Question

How do you factor ${x^3} - 16x$?

Answer 1

Hint:
The given expression ${x^3} - 16x$ consists of the variable ‘x’, which can be treated as any number and can be operated like the same. Take common $'x'$ and use the algebraic identity of the difference of the squares, i.e. ${a^2} - {b^2} = \left( {a - b} \right)\left( {a + b} \right)$ . For getting the required expansion put $a = x$ and $b = 4$ , then solve it further.

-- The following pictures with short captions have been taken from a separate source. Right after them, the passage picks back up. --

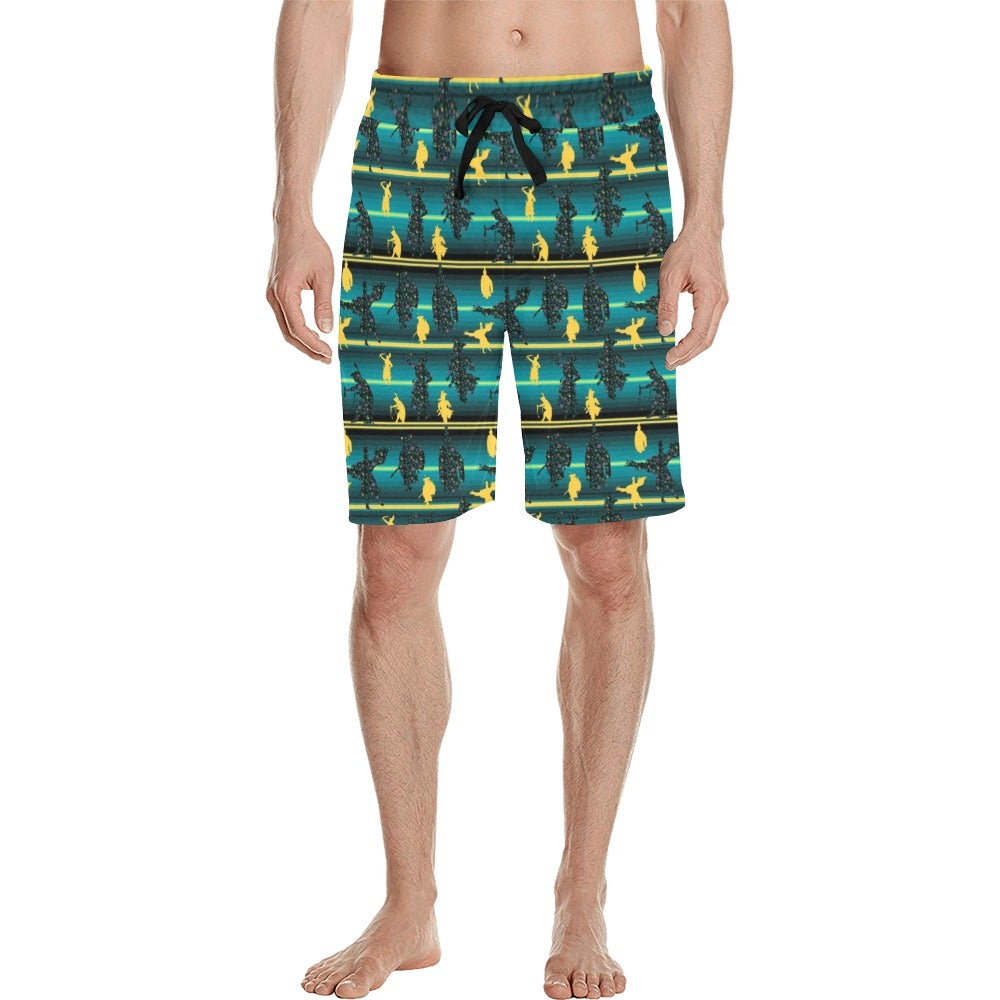 Dancers Inspire Green Men's All Over Print Casual Shorts (Model L23) short e-joyer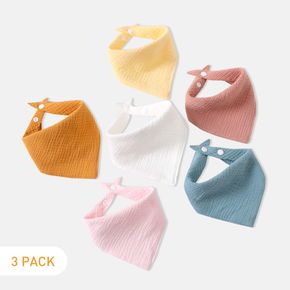 3-pack 100% Cotton Baby Bibs Solid 4-layer Gauze Triangle Towel Scarf Bibs for Eating Drooling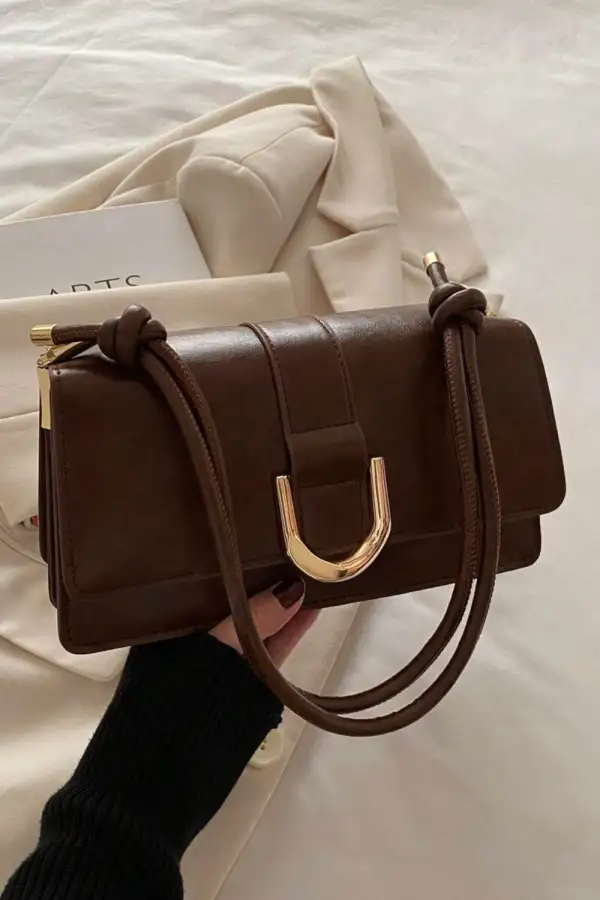 Small Square PU Leather Crossbody Bag – Colorful Detail & Anti-Theft Flap Closure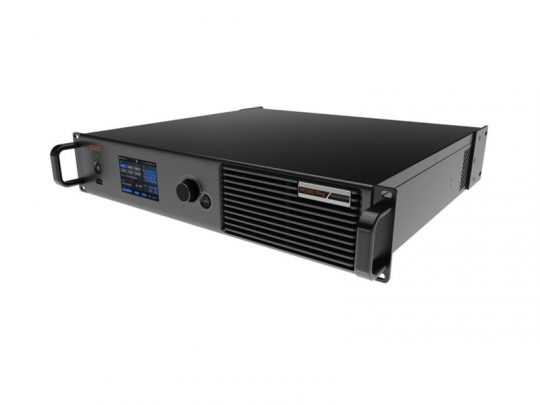 Import placeholder for 67849: Black rack-mounted audio amplifier with digital display, control knob, ventilation grill, and front handles, displayed on a plain white background.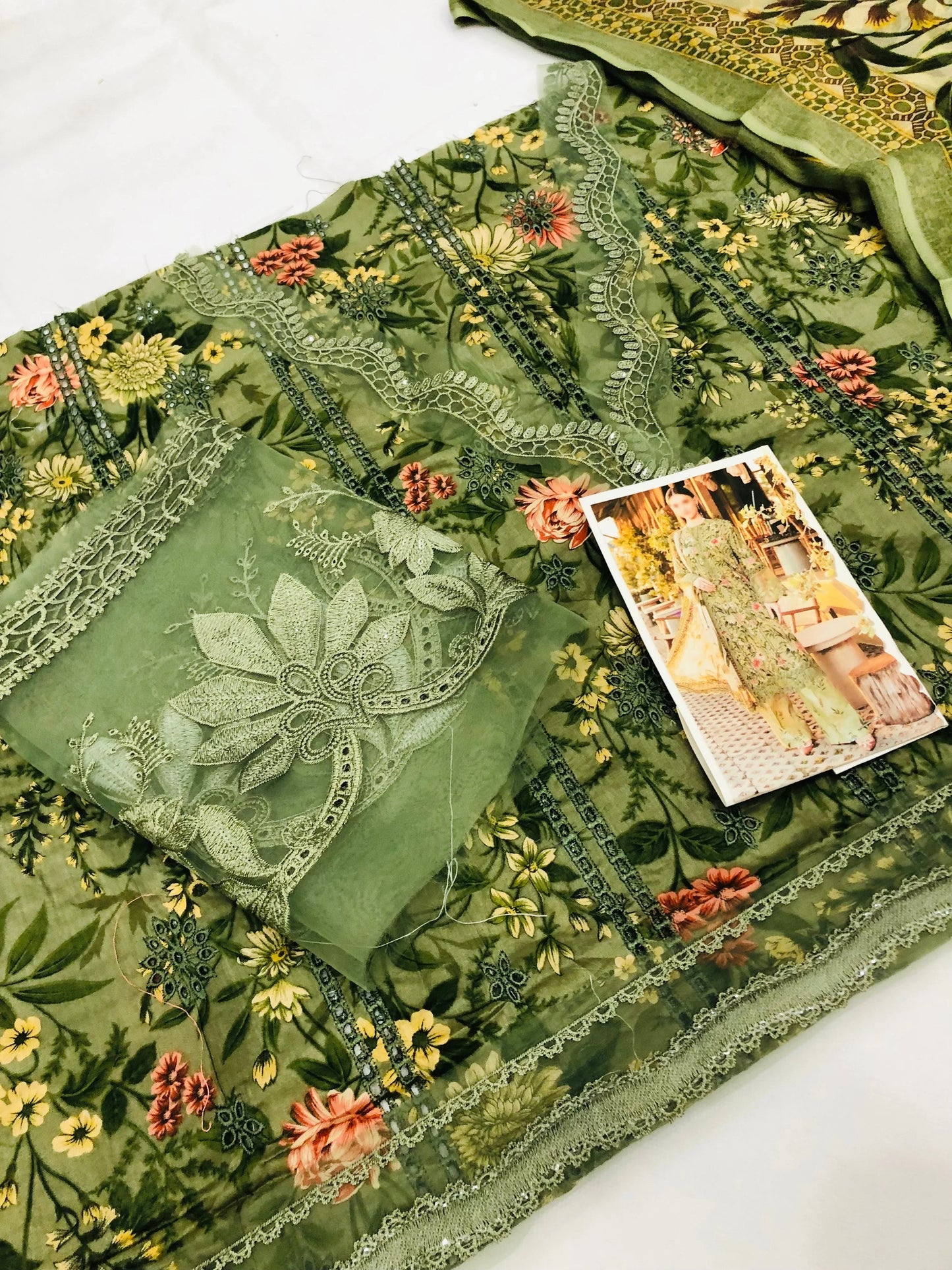 MB OLIVE CHICKEN KARI LAWN - SR FABRICS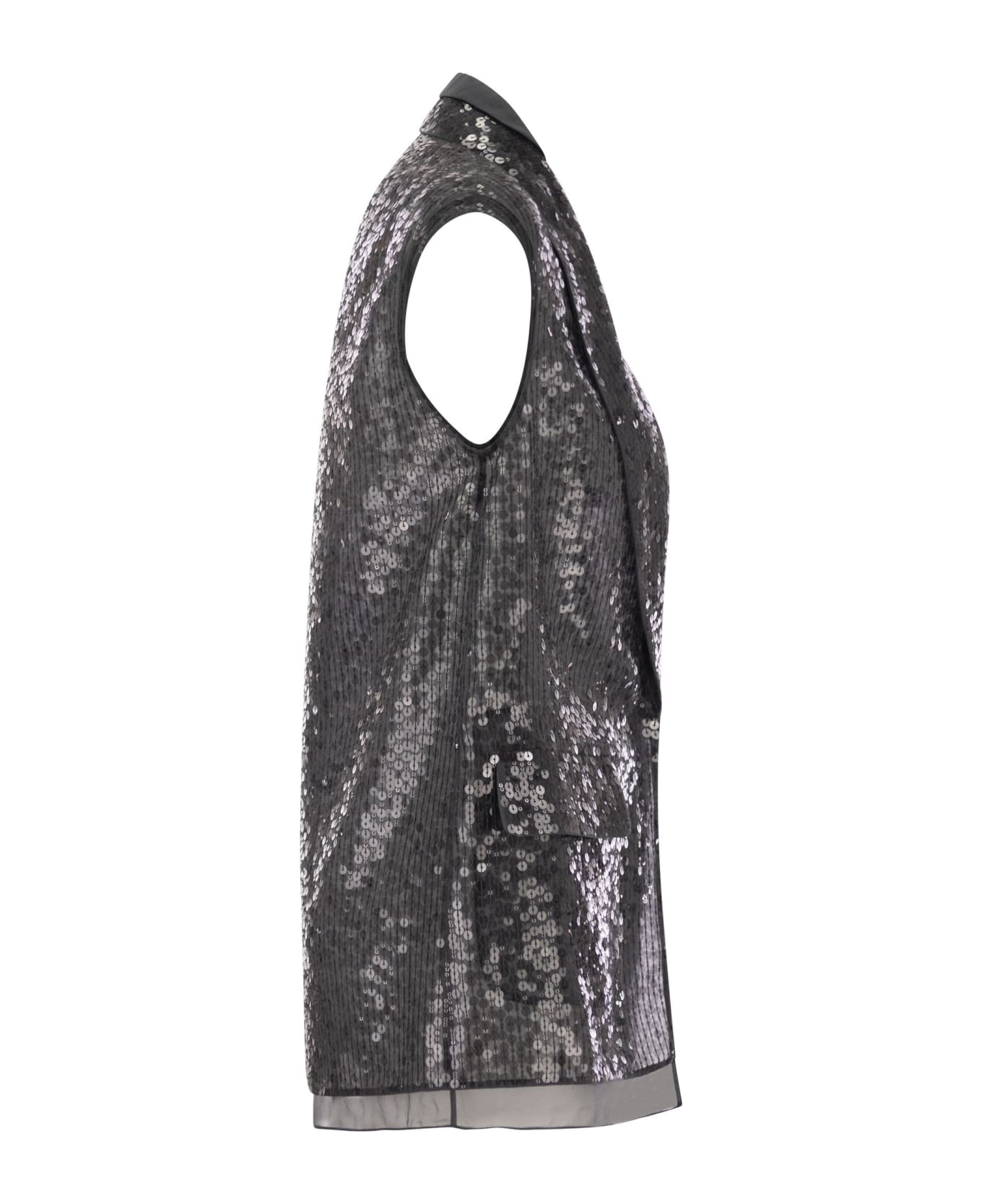 BRUNELLO CUCINELLI WOMEN'S BLACK SILK SEQUINED JACKET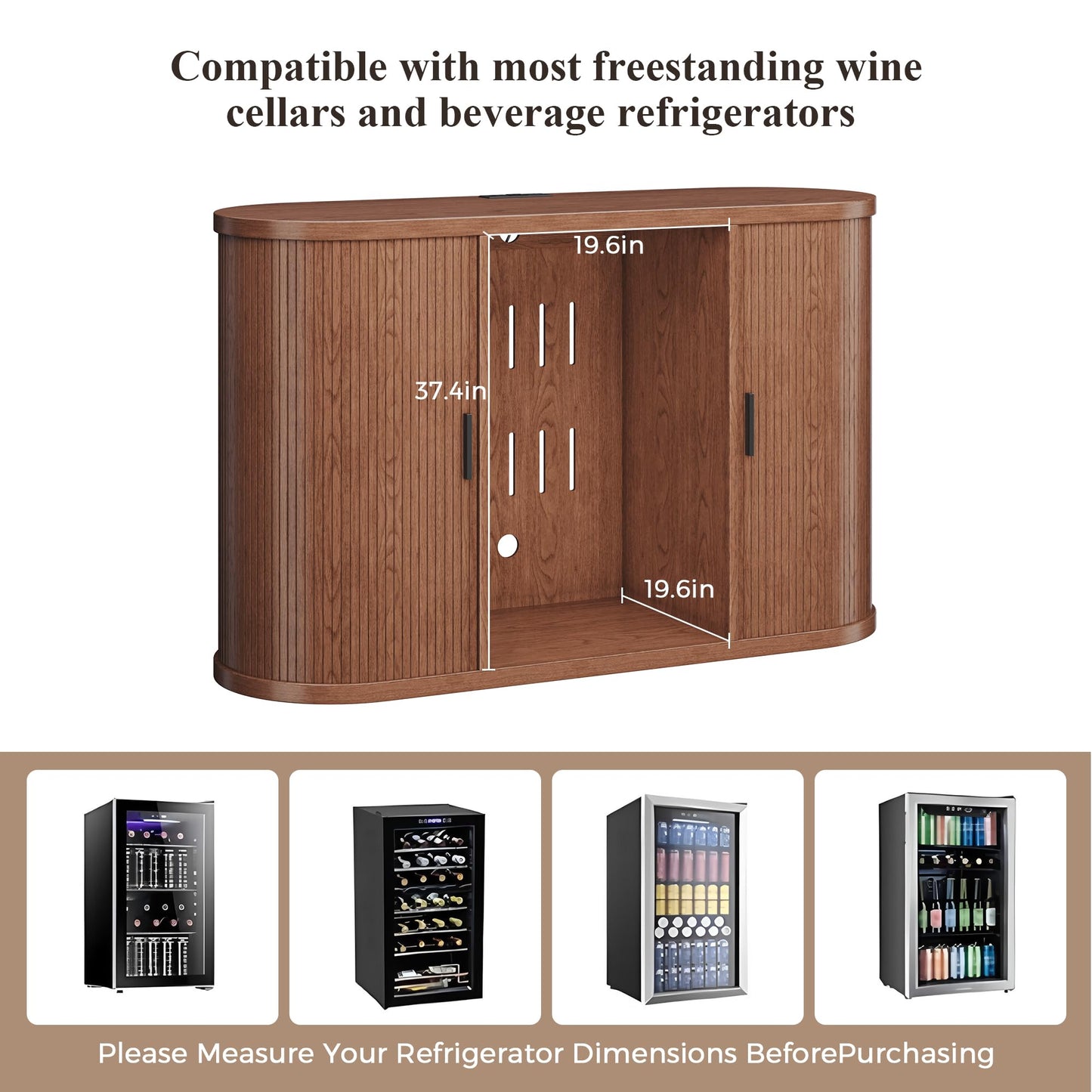 Jocoevol 53" Fluted Coffee Bar Cabinet with Sliding Doors, Wine Bar Cabinet with Charging Station & Glass Holder, Modern Liquor Whiskey Buffet Sideboard for Dining Room, Living Room, Kitchen (Walnut)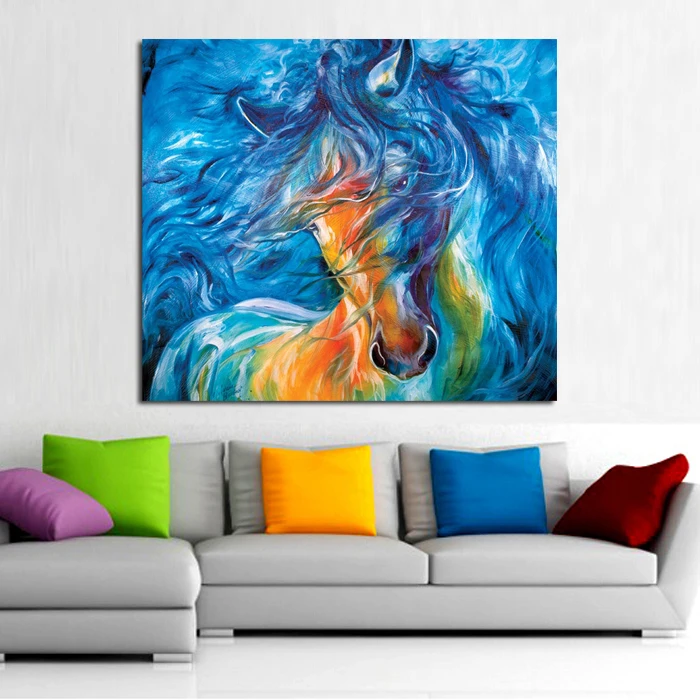 

Wall Art 100% Handpainted Running Crazy Horse on Canvas Modern Abstract Pictures Animal Oil Paintings for Home Decor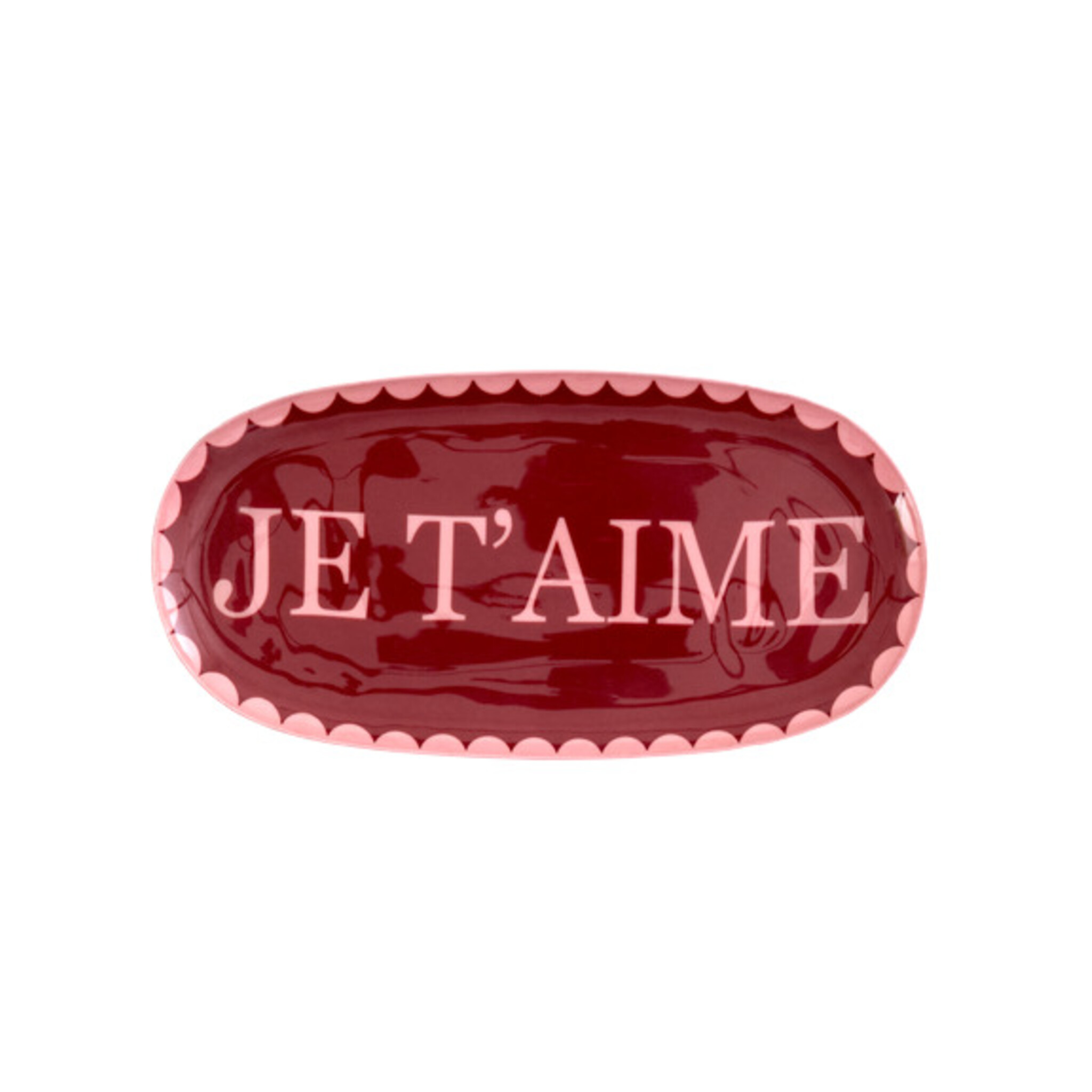 RICE Metall-Tablett Oval JE T'AIME, rot 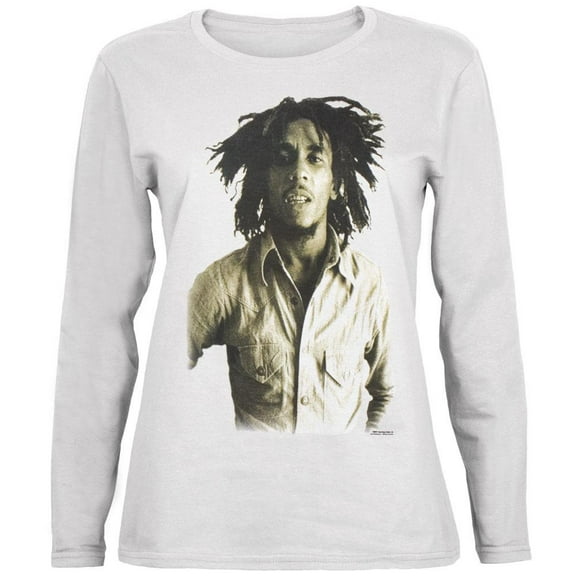 Bob Marley - Sepia Juniors White Long Sleeve T-Shirt - Medium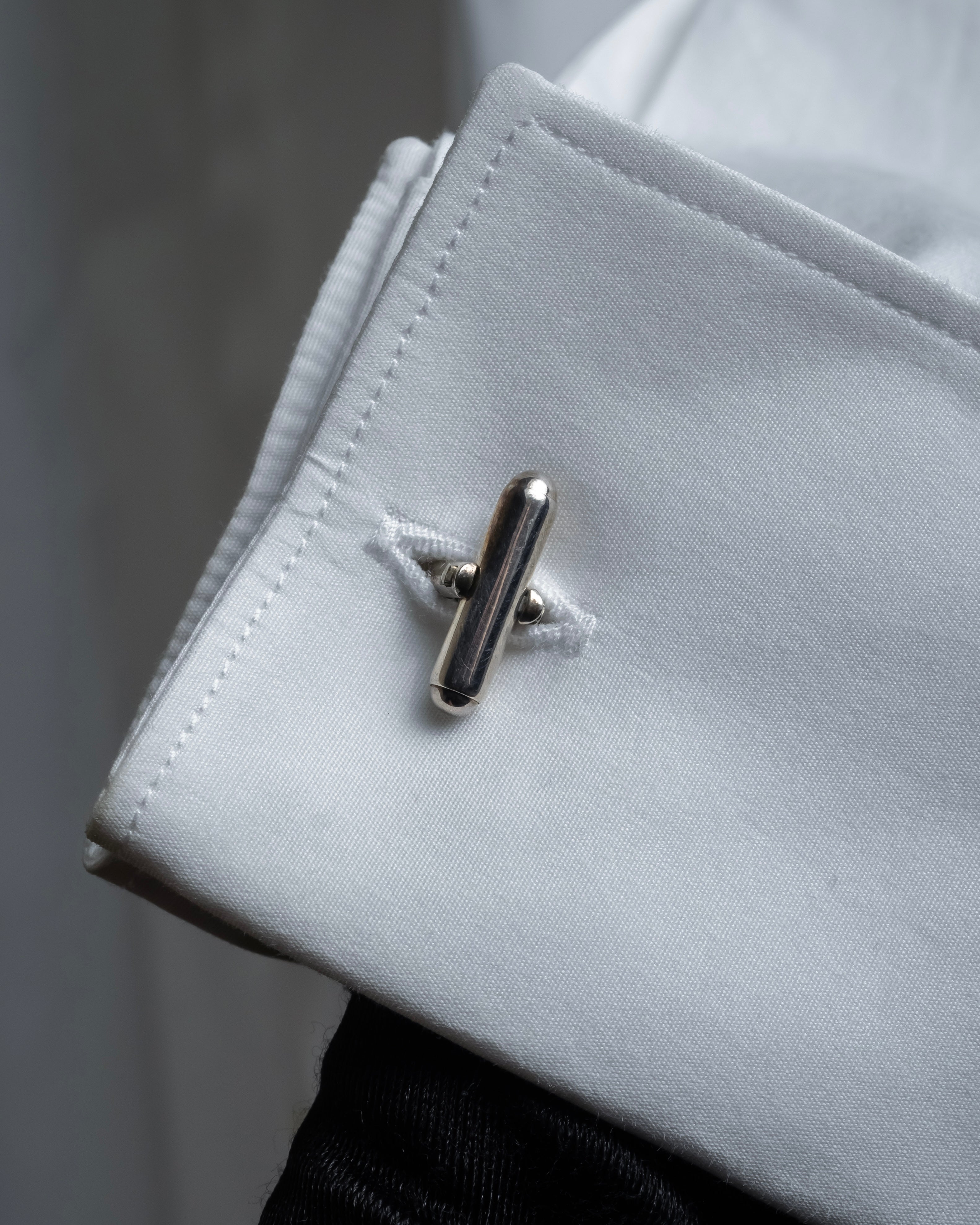 "Tiffany&Co" Button motif design silver cufflinks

Complete step by step answer:
Here in this problem, we are given an expression ${x^3} - 16x$, which is in the form of the difference of the cube of one number and a product of constant and ‘x’. And using the algebraic properties we need to factor this expression.
In the expression ${x^3} - 16x$, ‘x’ here is a variable that does not have a constant value and $16$ which is a real number with a constant value. In mathematics, a variable is a symbol that functions as a placeholder for varying expressions or quantities and is often used to represent an arbitrary element of a set.
The factor of the given expression can be done using an algebraic identity. The algebraic equations which are valid for all values of variables in them are called algebraic identities. They are also used for the factorization of polynomials. In this way, algebraic identities are used in the computation of algebraic expressions and solving different polynomials.
Now, in the given expression, let’s take $x$ common
$ \Rightarrow {x^3} - 16x = x\left( {{x^2} - 16} \right)$
As we know that square of $4$ is ${4^2} = 16$. Let’s use this in the above polynomial
\[ \Rightarrow x\left( {{x^2} - 16} \right) = x\left( {{x^2} - {4^2}} \right)\] ….(A)
We know the algebraic identity ${a^2} - {b^2} = \left( {a - b} \right)\left( {a + b} \right)$ , if we put $x = a$ and $b = 4$ then we will get:
$ \Rightarrow {x^2} - {4^2} = \left( {x - 4} \right)\left( {x + 4} \right)$
Now we can combine this result with the expression obtained in (A). This will give us:
\[ \Rightarrow x\left( {{x^2} - {4^2}} \right) = x\left( {x - 4} \right)\left( {x + 4} \right)\]
Therefore, the factor of the expression ${x^3} - 16x$ is given by ${x^3} - 16x = x\left( {x - 4} \right)\left( {x + 4} \right)$

Hence, we can say $x$ , $\left( {x - 4} \right)$ and $\left( {x + 4} \right)$ are the factors of ${x^3} - 16x$

Additional Information:
To understand the concept of expansion better, we can use another example where we can factor the expression ${x^3} + 11x$
For this we can use the algebraic identity ${a^2} - {b^2} = \left( {a - b} \right)\left( {a + b} \right)$ , where we can put $x = a$ and $b = \sqrt {11} $ , this will give us:
$ \Rightarrow {x^3} + 11x = x\left( {{x^2} + 11} \right) = x\left( {x + \sqrt {11} } \right)\left( {x - \sqrt {11} } \right)$
Therefore, for the expression, ${x^3} + 11x$ we got the factors as $x,\left( {x - \sqrt {11} } \right){\text{ and }}\left( {x + \sqrt {11} } \right)$

Note:
In questions like this the use of algebraic identities plays a crucial role in the solution. An alternative approach to the same problem can be taken by using the method of inspection to find a value of ‘x’ for ${x^3} - 16x = 0$ , i.e. $x = 0{\text{ or }}x = 4$ . This gives us one of the factors as $\left( {x - 4} \right){\text{ or }}x$. Now divide the whole expression ${x^3} - 16x$ with $\left( {x - 4} \right){\text{ or }}x$ to get the other factor.